Leaders, here are 46 ways you might be doing it wrong.

Updated: Nov 5, 2019

I have spent thousands of hours researching admirable (and horrible) leaders. It is amazing (and terrifying) to see the endless impacts a leader has on his/her team members, most often without even knowing it.


In the software industry, it is especially vital to focus on developer engagement - this means working tenaciously to ensure people are happy, excited, and motivated. However, I believe this advice applies to leaders across all industries.


I wrote this list of what (not) to do - hopefully some will resonate with you!


If you leave and the vision dies, you're doing it wrong. 


If team members are afraid to share their open and honest feedback with you, you're doing it wrong.


If you avoid feedback situations because they make you feel uncomfortable, you're doing it wrong. 


If you aren't working tirelessly to remove blockers that prevent people from making progress towards professional and personal goals, you're doing it wrong.


If your 1:1s start with "do you have an update on…" you're doing it wrong. 


If you 1:1s DON'T include "what can I help you with?" you're doing it wrong.


If you sense there are interpersonal issues on the team and you don't take responsibility to bring it up and resolve it, you're doing it wrong.


If someone on the team has a negative attitude that is rubbing off on other team members and you don't address it, you're doing it wrong.


If you ever devalue people in the process of delivering a solution, you're doing it wrong.


If you ever find yourself abstracting to non-human characteristics or behaviors when dealing with humans, you're doing it wrong. 


If you are only defining an Engineer's value by the number of code commits or lines of code, you're doing it wrong.


 If you refer to people as resources, and move them around as they are, you're doing it wrong. 


If you don't address low performers, you're doing it wrong.


If you hold on to your best team members and knowingly allow them to outgrow their environment, you're doing it wrong. 


If you are giving feedback that ISN'T framed in context, genuine, timely, specific, and actionable, you're doing it wrong.


If you aren't giving feedback AT ALL, you're doing it wrong. 


If you are avoiding a difficult situation to save yourself a short time of discomfort, you're doing it wrong.

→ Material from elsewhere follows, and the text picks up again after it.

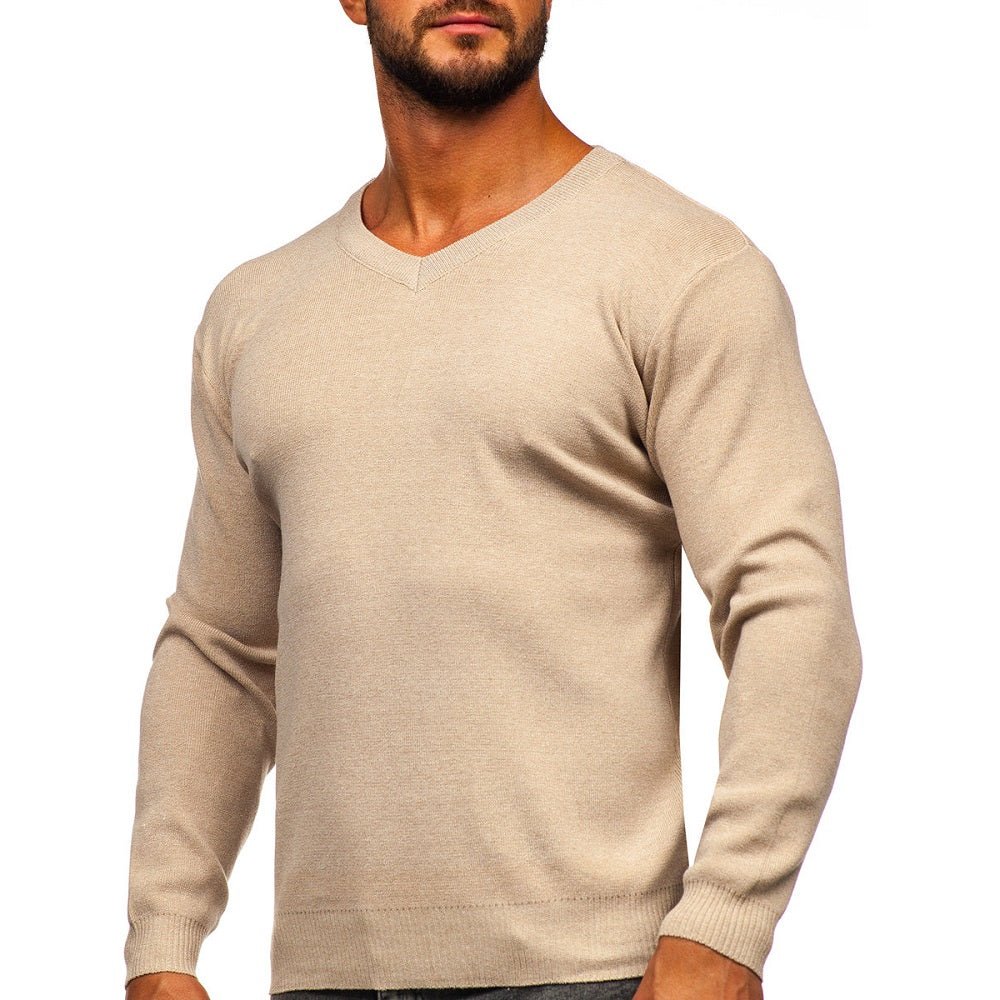 Beige V-ringad tröja - Herrtröja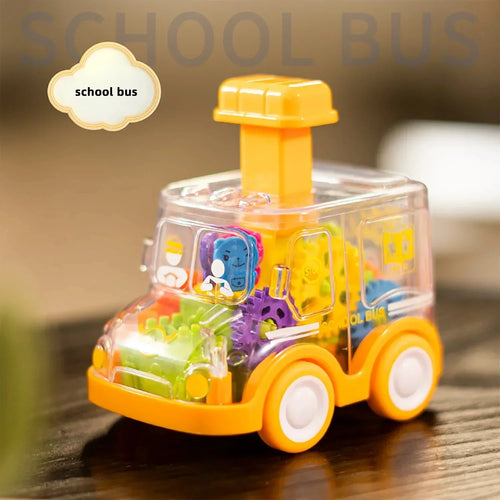 Baby Toy Cartoon Press Gear Car Toy Lnertia Pull-back Transparent Car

If you aren't empowering your team members, you're doing it wrong.


If you are committing to work without your team, you're doing it wrong.

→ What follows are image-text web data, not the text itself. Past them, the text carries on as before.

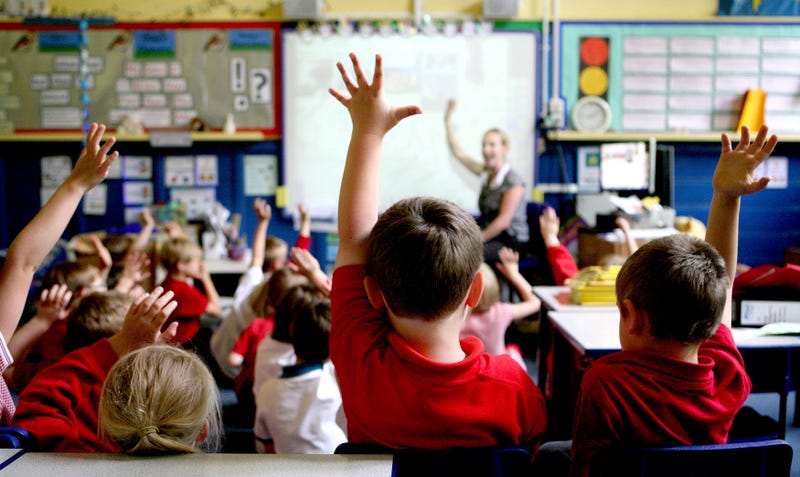 Classroom with hands raised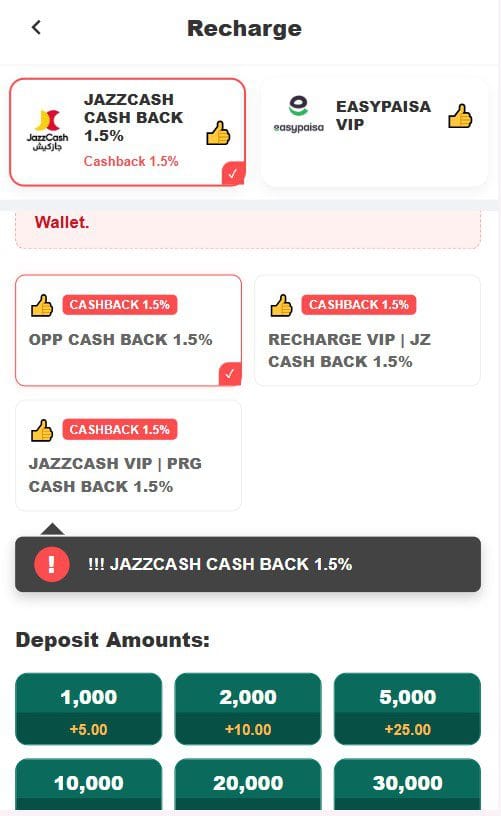 Winpaisa deposit screen showing JazzCash EasyPaisa cashback 1.5 percent and PKR amounts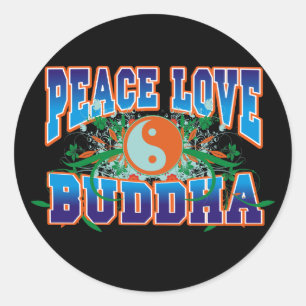 Peace Love Buddha Classic Round Sticker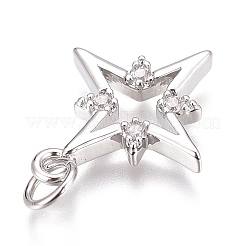 Латунные микропаве прозрачные подвески с фианитом&nbsp;X-ZIRC-O035-22P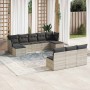 Set sofás jardín 10 pzas con cojines ratán sintético gris claro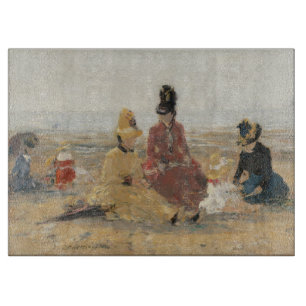 Am Strand Trouville 1887 von Eugene Boudin Schneidebrett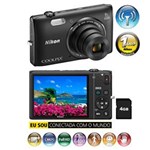 Ficha técnica e caractérísticas do produto Câmera Digital Nikon Coolpix S5300 Preta - 16.0MP, LCD 3.0", Zoom Ótico de 8x, Estabilização de Imagem VR, Wi-Fi, Vídeo Full HD + Cartão de 4GB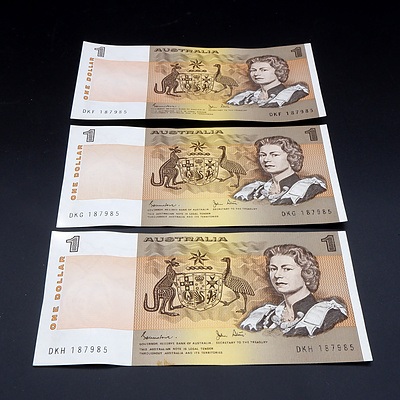 3 X Consecutive Prefix $1 1982 Johnston Stone Australian One Dollar Banknotes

 If leaders and business partners aren't accessible to Engineers (and vice versa), you're doing it wrong.


If team members feel that they cannot influence and define things like the how, process, chosen tech, you're doing it wrong.


If you consider your ideas sacred, and hold an emotional attachment to them, you're doing it wrong.


If you are frequently offering up your unsolicited ideas for technical implementation, you're doing it wrong. 


If you are known as a Genius, and not a Genius Maker, you're doing it wrong (Multipliers, Liz Wiseman). 


If you aren't providing context to the team regarding organizational decisions and changes, you're doing it wrong. 


If Engineers don't understand and can't articulate the WHY, the VISION, the BIG PICTURE, you're doing it wrong. 


If you aren't sharing credit, you're doing it wrong. 


If you aren't associating names with accomplishments, you're doing it wrong.


If you aren't getting to know your team members and how they prefer to be recognized, you're doing it wrong. 


If you aren't loyal (taking the blame) when recovering from an ugly failure, you're doing it wrong.


During incidents, if you aren't trusting and shielding the team, asking how you can help, and (sometimes just) getting out of the way, you're doing it wrong.


If you incentivize or reward behaviors of prioritizing work over family / personal lives, you're doing it wrong. 


If you aren't celebrating (and reaping the benefits of) the diverse characteristics of each individual, you're doing it wrong. 


If you aren't doing everything in your power to ensure team members are able to be their authentic selves at work every day without question, you're doing it wrong.


If team members can't speak up and bring their concerns to you, you're doing it wrong.

If you hire only for past experience or skills, you're doing it wrong.


When hiring, if you don't consider personal values, work ethic, attitude, and willingness to admit and learn from past failures, you're doing it wrong.


If you don't include your own tone and (sometimes even opinions) when sharing hard messages, you're doing it wrong.


If you can't articulate and openly share your own stories of struggle, you're doing it wrong.

If you refuse to work on your time management and prioritization skills, you're doing it wrong.


If you say YES to everything, you're doing it wrong.


If you don't periodically audit yourself to ensure your time is spent on the RIGHT things, you're doing it wrong. 


If you aren't continually investing in your communication skills, you're doing it wrong. 

If you talk more than you listen, you're doing it wrong.


If you aren't truly present when you are listening, you're doing it wrong. (no glancing at cell phones, laptops, etc).


If you only pay attention to content and status updates (not behaviors and passion), you're doing it wrong.


If you don't work to adapt your communication style to various personality types, you're doing it wrong. 


If you aren't tenaciously committed to the growth of each individual, you're doing it wrong.


If you aren't proud of the answer to the question "Why do I want to be a leader?" you're doing it wrong.